On August 21, 1948, the Vice-Chancellor found for the Hollander Company on the merits of the case, including that of conspiracy and piracy by respondents, but held the advertisement was "a bald attempt to intimidate the fur trade — the public — and to prejudice the public mind against the defendant Imperial Company before the cause was heard." Also finding the action constituted unfair competition and a contempt of court, he concluded the publication violated the clean hands doctrine and therefore dismissed the bill. Upon re-argument he did not change the decision, although he indicated the reason for not doing so was the futility thereof because of the imminence of the new judicial article going into effect on September 15th.
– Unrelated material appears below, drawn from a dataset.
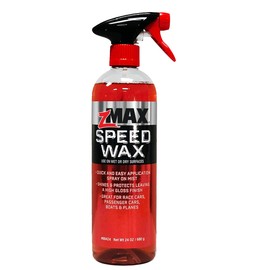 zMAX 88-424 - Speed Wax - Detailing Polish - Quick and Easy Application - Use on Wet or Dry Exterior Surfaces - Shines and Protects with a High Gloss Finish for Cars, Boats or Planes - 24 oz. - Single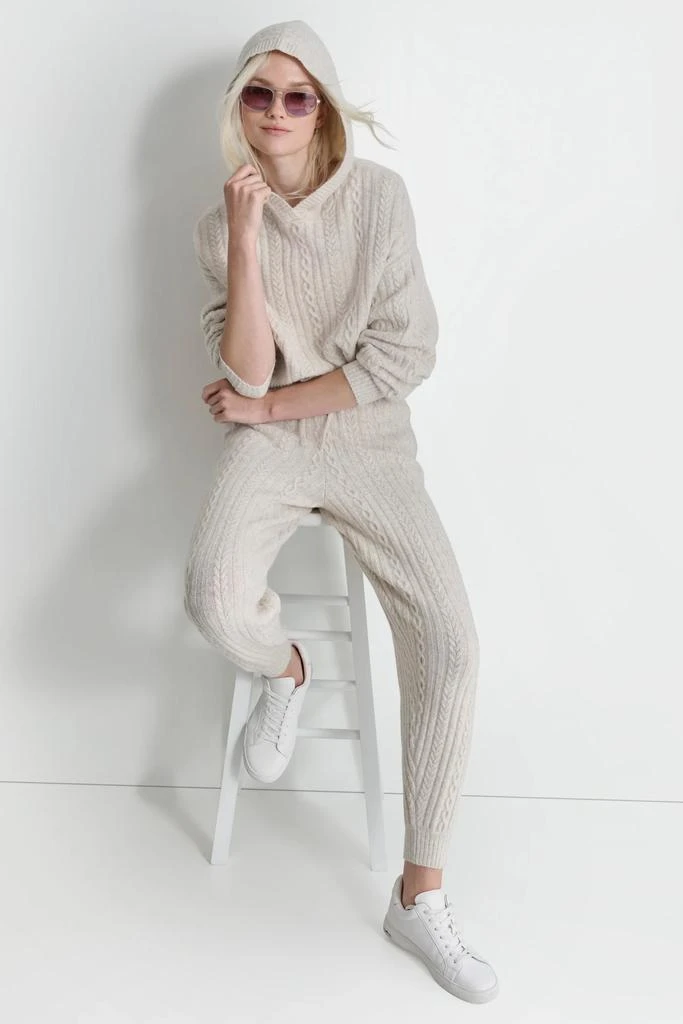 DKNY COZY CABLE SWEATER JOGGER 6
This appeal is from his conclusion and application of the clean hands doctrine, while the cross-appeals are from his finding on the merits of the case, assessment of the master's fee of $1,000 against respondents and the denial of costs and counsel fees.
The record establishes beyond doubt Singer's infidelity to Hollander through failure to serve faithfully and exclusively; divulgence of trade secrets to Imperial Corporation, specifically organized by him to compete with Hollander during the period of employment; granting to Imperial of formulae developed by him; and active competition against Hollander subsequent to discharge, all in violation of the express provisions of the employment contract. Under the contract he was to be loyal, faithful and dependable, but the record conclusively shows him to have been subtle, false and treacherous. Breach of the employment contract by Singer is clear and unequivocal and his conspiracy with the other respondents to profit from the trade secrets and formulae of the appellant is fully and firmly established.
Several contentions are made by the respondent to justify the dismissal of the bill upon the ground the conduct of appellant was so unconscionable that it has no standing or right to request the equitable relief sought. Reliance is made upon the equitable maxim that "He who comes into equity must come with clean hands," known as the "clean hands doctrine."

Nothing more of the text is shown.